McDonagh fought at light-heavyweight and lost a split decision in the quarter-finals to David Harris, the eventual winner. In the 1984 Golden Gloves he fought out the Times Square Boxing Gym again lost a split decision in the heavyweight division to Ira Turner, the eventual champion. On a trip to the Catskills, Seamus visited legendary trainer Cus D'Amato and was offered the opportunity to live and train under Cus' tutelage, along with another then unknown teenager named Mike Tyson. Seamus declined, returned to Brooklyn and in 1985 won the New York State Golden Gloves heavyweight division scoring KO's in all four of his victories. Later that year he turned professional and used the money he obtained from the signing bonus to pay for his second semester at Saint John's University. It was during this time that Seamus became familiar with novelist Norman Mailer. They corresponded for many years.

Seamus took most of his classes at the Staten Island campus and became a member of the fraternity Sigma Chi Upsilon (EXY).

In 1989 he danced with the brothers of EXY as "The Blues Brothers East", doing a half-time routine for the New York Knicks at Madison Square Garden. They also performed for St. John's University basketball team at Alumni Hall. Later that year he won "Rusty Staub's" famous rib eating competition representing Madison Square Garden. He obtained an honors degree in English Literature St. John's University.
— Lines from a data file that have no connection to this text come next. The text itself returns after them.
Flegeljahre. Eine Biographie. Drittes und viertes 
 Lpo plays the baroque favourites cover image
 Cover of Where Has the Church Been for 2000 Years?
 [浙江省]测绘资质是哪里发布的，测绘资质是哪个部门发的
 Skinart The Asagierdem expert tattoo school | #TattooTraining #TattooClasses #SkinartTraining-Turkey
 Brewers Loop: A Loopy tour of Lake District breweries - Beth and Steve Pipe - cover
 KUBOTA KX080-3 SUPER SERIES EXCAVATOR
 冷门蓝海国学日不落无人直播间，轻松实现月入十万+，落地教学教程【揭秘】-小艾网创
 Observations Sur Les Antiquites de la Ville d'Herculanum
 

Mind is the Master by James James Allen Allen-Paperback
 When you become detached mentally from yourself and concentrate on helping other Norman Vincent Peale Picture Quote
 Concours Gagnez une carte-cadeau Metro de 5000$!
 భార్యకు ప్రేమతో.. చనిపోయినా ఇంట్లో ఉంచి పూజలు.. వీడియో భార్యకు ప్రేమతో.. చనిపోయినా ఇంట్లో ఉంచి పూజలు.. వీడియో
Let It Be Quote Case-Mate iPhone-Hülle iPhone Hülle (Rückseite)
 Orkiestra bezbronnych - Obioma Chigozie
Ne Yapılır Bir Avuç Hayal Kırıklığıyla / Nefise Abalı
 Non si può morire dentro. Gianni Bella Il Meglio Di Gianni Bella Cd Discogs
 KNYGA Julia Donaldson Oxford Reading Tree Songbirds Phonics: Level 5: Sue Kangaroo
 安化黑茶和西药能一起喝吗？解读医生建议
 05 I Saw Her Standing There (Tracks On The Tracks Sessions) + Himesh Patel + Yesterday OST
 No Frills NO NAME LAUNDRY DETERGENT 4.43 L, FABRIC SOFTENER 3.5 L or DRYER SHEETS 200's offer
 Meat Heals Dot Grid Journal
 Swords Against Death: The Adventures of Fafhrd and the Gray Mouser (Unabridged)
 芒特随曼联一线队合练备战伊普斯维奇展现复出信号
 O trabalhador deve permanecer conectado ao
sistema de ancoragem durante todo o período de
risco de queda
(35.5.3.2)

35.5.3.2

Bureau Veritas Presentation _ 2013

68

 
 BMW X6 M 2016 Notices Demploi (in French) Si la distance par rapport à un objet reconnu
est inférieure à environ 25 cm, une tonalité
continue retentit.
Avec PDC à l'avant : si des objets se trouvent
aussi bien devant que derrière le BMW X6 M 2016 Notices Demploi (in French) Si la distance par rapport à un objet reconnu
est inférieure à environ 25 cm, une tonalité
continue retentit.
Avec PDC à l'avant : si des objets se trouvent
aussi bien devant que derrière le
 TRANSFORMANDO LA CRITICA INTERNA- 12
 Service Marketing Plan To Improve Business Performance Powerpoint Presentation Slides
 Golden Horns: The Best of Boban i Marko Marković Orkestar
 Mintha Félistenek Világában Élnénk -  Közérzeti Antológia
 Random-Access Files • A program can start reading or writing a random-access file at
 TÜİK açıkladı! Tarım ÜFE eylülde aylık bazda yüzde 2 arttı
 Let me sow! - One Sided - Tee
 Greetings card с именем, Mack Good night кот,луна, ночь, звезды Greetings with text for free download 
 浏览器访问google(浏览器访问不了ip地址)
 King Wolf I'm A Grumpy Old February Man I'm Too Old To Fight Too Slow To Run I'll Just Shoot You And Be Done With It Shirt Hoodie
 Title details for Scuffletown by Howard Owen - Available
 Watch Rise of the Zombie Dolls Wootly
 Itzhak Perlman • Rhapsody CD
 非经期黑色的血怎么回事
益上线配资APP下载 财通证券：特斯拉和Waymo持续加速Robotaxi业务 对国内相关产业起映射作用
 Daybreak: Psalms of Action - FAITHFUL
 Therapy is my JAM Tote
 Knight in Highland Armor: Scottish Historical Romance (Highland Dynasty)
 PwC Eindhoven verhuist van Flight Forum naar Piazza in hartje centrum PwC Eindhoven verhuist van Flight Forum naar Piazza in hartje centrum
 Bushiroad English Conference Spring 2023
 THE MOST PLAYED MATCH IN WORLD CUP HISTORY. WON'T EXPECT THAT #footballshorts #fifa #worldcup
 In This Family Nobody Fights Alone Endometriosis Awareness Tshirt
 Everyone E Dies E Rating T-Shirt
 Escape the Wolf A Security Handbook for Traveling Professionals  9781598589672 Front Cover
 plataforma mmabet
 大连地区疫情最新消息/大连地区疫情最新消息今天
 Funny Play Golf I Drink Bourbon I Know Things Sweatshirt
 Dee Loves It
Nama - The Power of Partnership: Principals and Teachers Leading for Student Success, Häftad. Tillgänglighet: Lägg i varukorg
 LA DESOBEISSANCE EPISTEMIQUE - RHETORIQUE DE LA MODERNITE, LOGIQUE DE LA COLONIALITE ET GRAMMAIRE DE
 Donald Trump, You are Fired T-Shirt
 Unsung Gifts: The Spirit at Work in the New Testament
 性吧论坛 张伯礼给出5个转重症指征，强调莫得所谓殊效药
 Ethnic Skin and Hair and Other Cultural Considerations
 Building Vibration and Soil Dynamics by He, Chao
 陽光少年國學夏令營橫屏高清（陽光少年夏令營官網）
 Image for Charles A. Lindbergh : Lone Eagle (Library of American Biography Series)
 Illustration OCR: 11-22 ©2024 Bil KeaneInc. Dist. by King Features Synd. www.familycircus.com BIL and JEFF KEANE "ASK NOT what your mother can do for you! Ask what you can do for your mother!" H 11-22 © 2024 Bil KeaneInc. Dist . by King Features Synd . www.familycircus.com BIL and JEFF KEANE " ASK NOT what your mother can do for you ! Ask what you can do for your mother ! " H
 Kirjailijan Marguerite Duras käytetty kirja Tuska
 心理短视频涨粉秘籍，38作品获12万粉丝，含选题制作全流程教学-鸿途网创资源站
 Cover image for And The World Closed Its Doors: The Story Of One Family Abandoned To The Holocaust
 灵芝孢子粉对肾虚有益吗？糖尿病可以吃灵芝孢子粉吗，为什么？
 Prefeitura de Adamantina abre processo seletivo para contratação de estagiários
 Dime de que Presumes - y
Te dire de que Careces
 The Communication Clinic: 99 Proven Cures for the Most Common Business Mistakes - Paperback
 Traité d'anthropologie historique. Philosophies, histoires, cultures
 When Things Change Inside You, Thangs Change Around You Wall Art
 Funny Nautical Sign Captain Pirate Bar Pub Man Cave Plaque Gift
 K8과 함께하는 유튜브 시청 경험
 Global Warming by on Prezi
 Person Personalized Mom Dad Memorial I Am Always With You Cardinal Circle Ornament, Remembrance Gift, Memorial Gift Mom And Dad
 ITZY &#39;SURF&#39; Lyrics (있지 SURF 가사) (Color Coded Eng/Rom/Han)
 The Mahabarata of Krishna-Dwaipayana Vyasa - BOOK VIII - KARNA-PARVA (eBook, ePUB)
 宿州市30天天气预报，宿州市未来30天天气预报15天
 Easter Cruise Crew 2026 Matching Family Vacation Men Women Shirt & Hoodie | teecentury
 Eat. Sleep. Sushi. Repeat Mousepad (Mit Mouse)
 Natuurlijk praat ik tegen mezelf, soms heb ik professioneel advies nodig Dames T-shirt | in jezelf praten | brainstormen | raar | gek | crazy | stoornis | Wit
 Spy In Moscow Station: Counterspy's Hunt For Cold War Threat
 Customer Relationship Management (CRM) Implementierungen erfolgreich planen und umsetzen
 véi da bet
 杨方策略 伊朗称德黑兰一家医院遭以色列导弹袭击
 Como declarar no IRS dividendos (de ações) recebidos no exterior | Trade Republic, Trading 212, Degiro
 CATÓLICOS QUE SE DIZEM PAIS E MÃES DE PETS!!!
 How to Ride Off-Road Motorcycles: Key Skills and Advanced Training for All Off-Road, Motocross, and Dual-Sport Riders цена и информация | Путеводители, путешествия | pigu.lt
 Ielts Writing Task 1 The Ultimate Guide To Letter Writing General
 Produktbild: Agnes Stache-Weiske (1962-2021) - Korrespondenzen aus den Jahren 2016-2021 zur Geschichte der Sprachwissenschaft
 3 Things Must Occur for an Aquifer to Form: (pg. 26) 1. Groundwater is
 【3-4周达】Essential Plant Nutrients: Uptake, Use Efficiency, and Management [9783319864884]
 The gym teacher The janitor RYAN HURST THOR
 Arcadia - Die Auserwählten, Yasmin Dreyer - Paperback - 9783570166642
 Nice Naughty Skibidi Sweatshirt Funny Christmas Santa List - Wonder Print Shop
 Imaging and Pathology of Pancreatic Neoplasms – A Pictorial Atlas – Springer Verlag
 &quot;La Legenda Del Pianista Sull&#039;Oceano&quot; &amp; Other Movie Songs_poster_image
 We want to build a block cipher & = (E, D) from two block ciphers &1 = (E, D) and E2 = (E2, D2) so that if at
By 1990 he had a professional boxing record of 19-1-1, (14KO's) and was the #3 world ranked cruiserweight and #9 world ranked heavyweight. In the spring of 1990 the world of boxing was shocked when the seemingly unbeatable Iron Mike Tyson was KO'd by challenger Buster Douglas. This immediately ruled out the longtime highly anticipated match up between #1 ranked heavyweight contender Evander Holyfield and undisputed World Heavyweight Champion Mike Tyson.

On 1 June 1990, McDonagh took Tyson's place and fought WBC Continental Americas Heavyweight Champion Evander Holyfield He lost by a TKO in the fourth round. In his corner were his dad Jim, Nick and Joe Baffi, Bobby Barbero and Tommy Gallagher. He lost only 3 times in 23 professional fights and turned to acting after his retirement from boxing.

His first acting job was in Judy Gebauer's "Bobby Sands M.P.", directed by Nye Heron at the Irish Arts Center NY NY. His credits include "The Risen People" and "2by4", dir. by Jimmy Smallhorne, NY NY. "Observe the Sons of Ulster Marching Towards the Somme", dir. Naomi Gibson, San Francisco, CA. Lead in "The Shankill Road" dir. by Tess Downey, Hollywood CA.

He played the lead character in the play "Kid Shamrock", about the life of former #1 ranked world cruiser weight Bobby Cassidy.